Credit:

Credit for design and original implementation of Theseus goes to Roshan P. James and Amr Sabry of Indiana University. This is my fork of their implementation, which I intend to keep as a pet project.

The original project can be found here.

Theseus, the programming language.

Why create another programming language in this time and age? And why make such an obscure finicky one wherein it's not obvious how one can write a web server or an iphone app? Theseus exists due to a certain philosophical point of view on computation. What follows is a casual overview.
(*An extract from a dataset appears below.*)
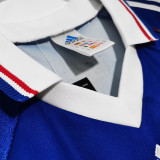 1998 France Home Long Sleeve Retro Soccer Jersey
The paradox of the Ship of Theseus was originally proposed by Plutarch in the setting of the ship that the Greek hero Theseus used for his adventures. Since the Athenians admired Theseus they took on the task of preserving the ship in his memory. Over time, as parts of the ship got spoiled, they replaced them with equivalent new parts. Thus the ship was always in good shape.

However one day, many years later, someone makes the observation that the ship no longer had any original parts. The entirety of the ship had been replaced piece by piece. This raises the question: is this ship really still the ship of Theseus?

And, if not, when does the change take place? When the first part is replaced? When the last one is replaced? When about half the parts are replaced?

Further, to compound the question, Thomas Hobbes added the following corollary: Imagine a junk yard outside Athens where all the discarded parts of the ship had been collected. If the proprietor of the junk assembled the parts into a ship, which ship is now the real ship of Theseus?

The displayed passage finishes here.